VIENNA - Artificial intelligence (AI) offers value in characterizing nodules on CT lung cancer screening exams, possibly reducing the number of benign cases that are unnecessarily worked or followed up, according to a pair of Thursday presentations at ECR 2018.
Researchers from Geneva University Hospitals in Switzerland developed a machine-learning algorithm that considers textural image features as well as patient clinical and demographic data. They found that the algorithm was more accurate in characterizing lung nodules than a model based on clinical and demographic data alone.

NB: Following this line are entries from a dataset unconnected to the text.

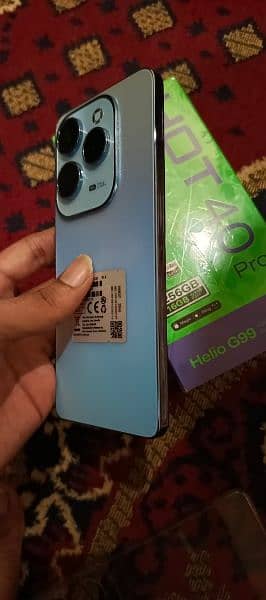 infinix hot 40 pro new phone complete box 2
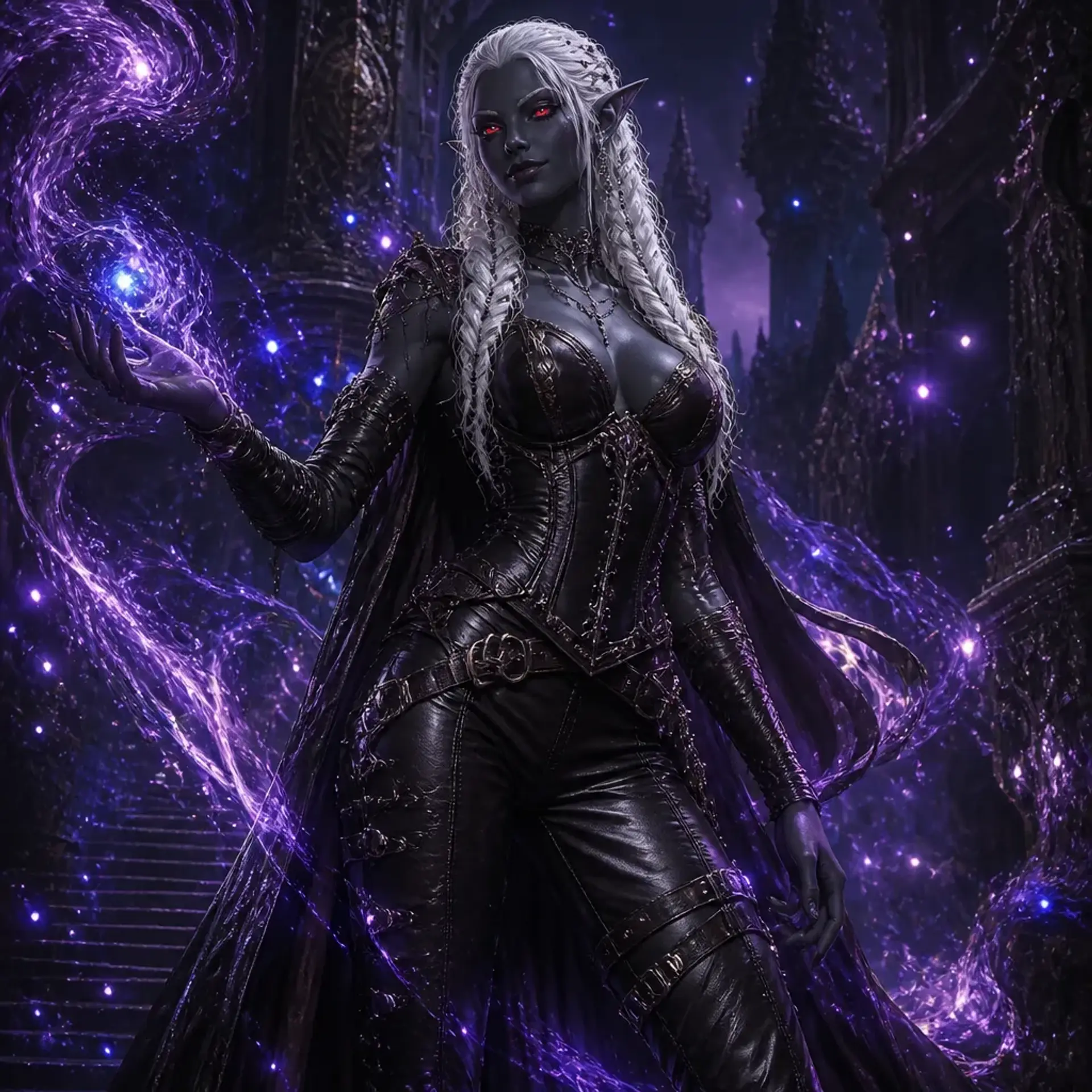 Nyxaria - AI-generated fantasy Character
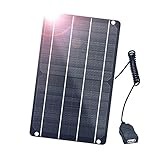 FlexSolar Solar Ladegerät USB 6W 5V Hochleistungs-monokristallines Modul, wasserdichtes Solarladegerät, geeignet für Sicherheit Batteriekamera Fahrräder, Mobiltelefone, Powerbank, Campinglampen usw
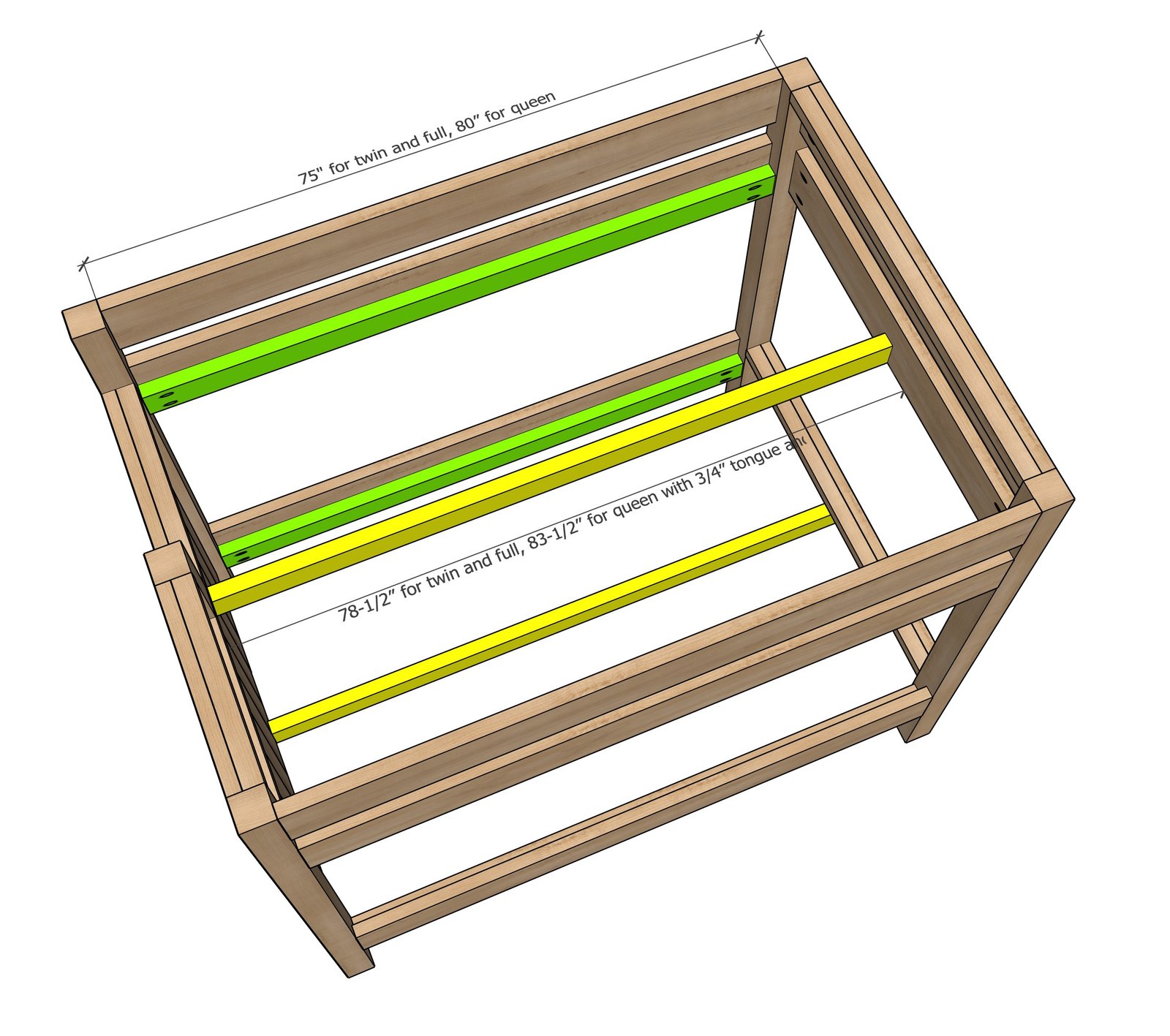 Heavy-Duty Bunk Bed Plans (Twin, Full, or Queen Sizes) — step 7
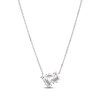 Thumbnail Image 3 of Baguette & Round-Cut White Lab-Created Sapphire Cluster Necklace Sterling Silver 18&quot;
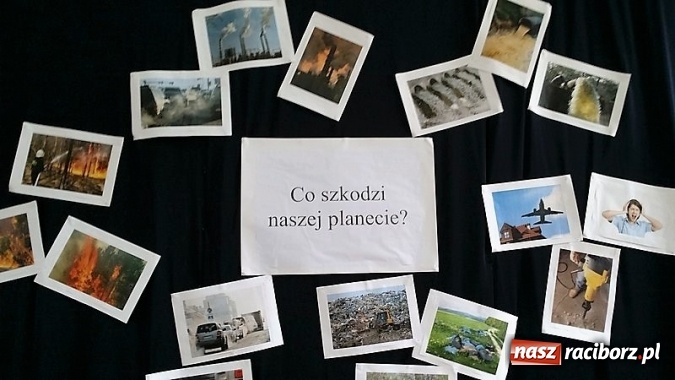 Zdjęcie w galerii na portalu naszraciborz.pl: Palący temat: niska emisja - Dzień Ziemi w Szkole Podstawowej nr 4  wiadomości z regionu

Meanwhile, researchers from AI software developer Optellum reported that their deep-learning algorithm could rule out malignancy in up to 20% of benign nodules.
Radiomics and AI
In their study, the Swiss researchers sought primarily to assess the use of radiomics to predict the malignancy of solid lung nodules. Secondarily, they wanted to compare the performance of a machine-learning algorithm with the Brock model for estimating malignancy risk on pulmonary nodules.
Using the U.S. National Lung Screening Trial (NLST) dataset, they initially gathered data for solid nodules 8 mm or larger with a primary lobar location. Of the 2,689 lung nodules in the trial, 561 were malignant and 2,128 were benign. There were 232 cases of adenocarcinoma and 115 cases of squamous cell carcinoma.
Next, the researchers used 3D Slicer software to perform semiautomatic segmentation on a subset of 614 lung nodules, including 315 malignant nodules and 299 benign lesions that were chosen randomly. The malignant cases included 221 adenocarcinomas and 94 squamous cell carcinomas. Using the open-source Pyradiomics software, they then extracted more than 120,000 radiomics features from the CT images, as well as the patient's demographic and clinical data, said presenter Dr. Steve Martin.
Of the nodules included in the study, 80% were used for training the machine-learning algorithm, while 20% were set aside for testing. The machine-learning algorithm, which used principal component analysis (PCA) and a support vector machine (SVM) classifier, considers both the radiomics features and the patient's demographic and clinical data in characterizing the lung nodules, according to the researchers.
In testing, the algorithm yielded a high level of performance:
- Sensitivity: 96.9%
- Specificity: 93.3%
- Positive predictive value: 93.9%
- Negative predictive value: 96.6%
- Area under the curve (AUC): 0.983
The researchers also compared the performance of the algorithm with the Brock model, which estimates the risk of lung nodule malignancy based on clinical and demographic variables including age, emphysema, nodule location, gender, nodule size, nodule count, family history, nodule type, and speculation. The algorithm's AUC of 0.983 bested the Brock model's AUC of 0.797, and the difference was statistically significant (p < 0.001).
"Radiomics allows [for differentiation of] benign and malignant solitary lung nodules," Martin said. "The highest diagnostic accuracy was achieved when combining texture analysis and the Brock model."
Eliminating benign nodules
In the other ECR 2018 presentation, researchers from Optellum shared how their deep-learning algorithm could help avoid unnecessary workup in patients with benign lung nodules.
The Optellum group initially curated the entire NLST dataset, focusing on solid and semisolid nodules at least 6 mm in diameter. All malignant nodules and the earliest benign nodules were included for each patient, resulting in a total of 5,622 nodules from 6,325 patients. Among the 5,622 nodules, 4,842 were benign and 780 were malignant.
Next, the researchers trained a convolutional neural network (CNN) using fourfold cross-validation. In testing, they found that 19% of benign nodules could be effectively ruled out by the algorithm, while maintaining a 0% false-negative rate.
"This implies that we could potentially avoid unnecessary workup or follow-up of nodules, reducing patient stress and unnecessary procedures," said presenter Carlos Arteta, PhD.
This conclusion assumes that a similar nodule distribution would present in an incidental setting, he said.
"[In a screening setting], we are assuming that a large portion of the nodules that we would have ruled out [with the algorithm] would have been worked up otherwise," Arteta said.